Ingredients:

  • 1 tablespoon olive oil (15 ml)
  • 1 medium yellow onion, diced (about 1 cup) (approx 150g)
  • 2 cloves garlic, minced (approx 6g)
  • 1 red bell pepper, diced (about 1 cup) (approx 150g)
  • 1 teaspoon chili powder (5 ml)
  • 1/2 teaspoon cumin (2.5 ml)
  • 1/4 teaspoon smoked paprika (1.25 ml)
  • 1/4 teaspoon cayenne pepper (optional) (1.25 ml)
  • 1 cup quinoa, rinsed (approx 185g)
  • 2 cups vegetable broth (475 ml)
  • 1 (15-ounce) can black beans, rinsed and drained (approx 425g)
  • 1 (15-ounce) can corn, drained (approx 425g)

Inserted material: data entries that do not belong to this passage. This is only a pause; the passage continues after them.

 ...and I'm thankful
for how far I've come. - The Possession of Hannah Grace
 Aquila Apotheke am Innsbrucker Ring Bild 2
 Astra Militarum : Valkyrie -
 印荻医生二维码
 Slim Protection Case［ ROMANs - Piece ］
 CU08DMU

  • 1 (10-ounce) can diced tomatoes and green chilies, undrained (such as Rotel) (approx 283g)
  • 1/2 cup chopped cilantro (120 ml)
  • 2 cups shredded cheddar cheese (approx 225g)
  • 1 cup shredded Monterey Jack cheese (approx 115g)

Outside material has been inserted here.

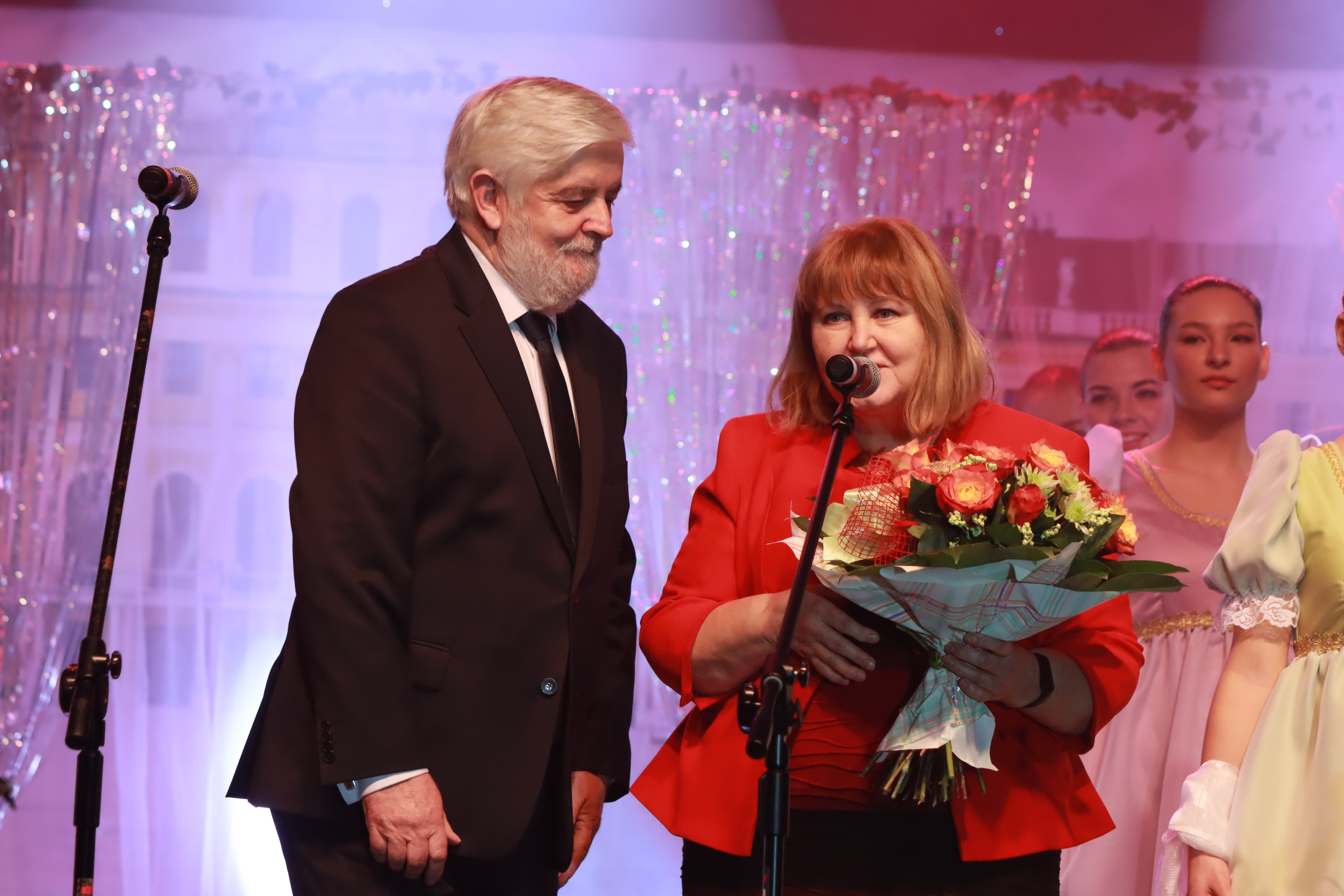 Fotorelacja cz. 2 - Koncert Noworoczny KROCZYCE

  • Optional: Sliced green onions, for garnish

Instructions:

  1. Heat olive oil in a large oven-safe skillet. Add onion and cook until softened. Add garlic and bell pepper and cook until fragrant.

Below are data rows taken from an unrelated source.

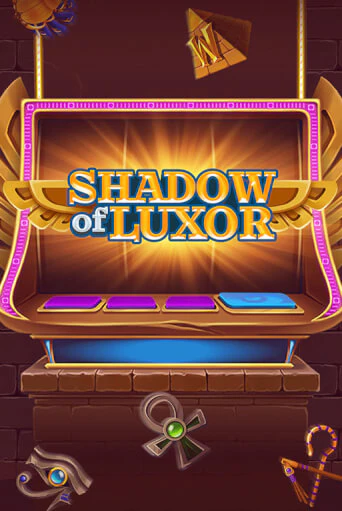 Shadow of Luxor бесплатная демо игра | Вулкан Вегас Казахстан без регистрации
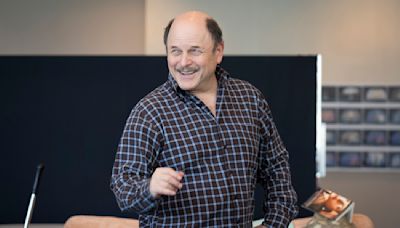 Jason Alexander's latest role plumbs the meaning of life and beyond in 'Judgment Day'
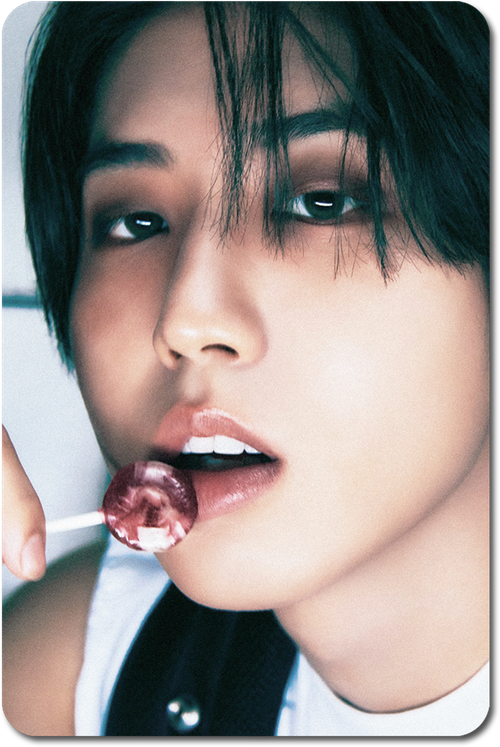 Карта / STRAY KIDS #0578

  2. Stir in chili powder, cumin, smoked paprika, and cayenne pepper (if using) and cook for 30 seconds.
  3. Add quinoa, vegetable broth, black beans, corn, and diced tomatoes and green chilies to the skillet. Stir to combine.
  4. Bring the mixture to a boil, then reduce heat to low, cover, and simmer for 15-20 minutes, or until the quinoa is cooked and the liquid is absorbed.
  5. Stir in chopped cilantro.
  6. Sprinkle cheddar and Monterey Jack cheese evenly over the quinoa mixture.
  7. Bake in a preheated oven at 375°F (190°C) for 5-10 minutes, or until the cheese is melted and bubbly. Alternatively, broil for a few minutes, watching closely to prevent burning.
  8. Garnish with sliced green onions (optional) and serve hot. The resulting dish is a delicious Cheesy Black Bean & Quinoa casserole.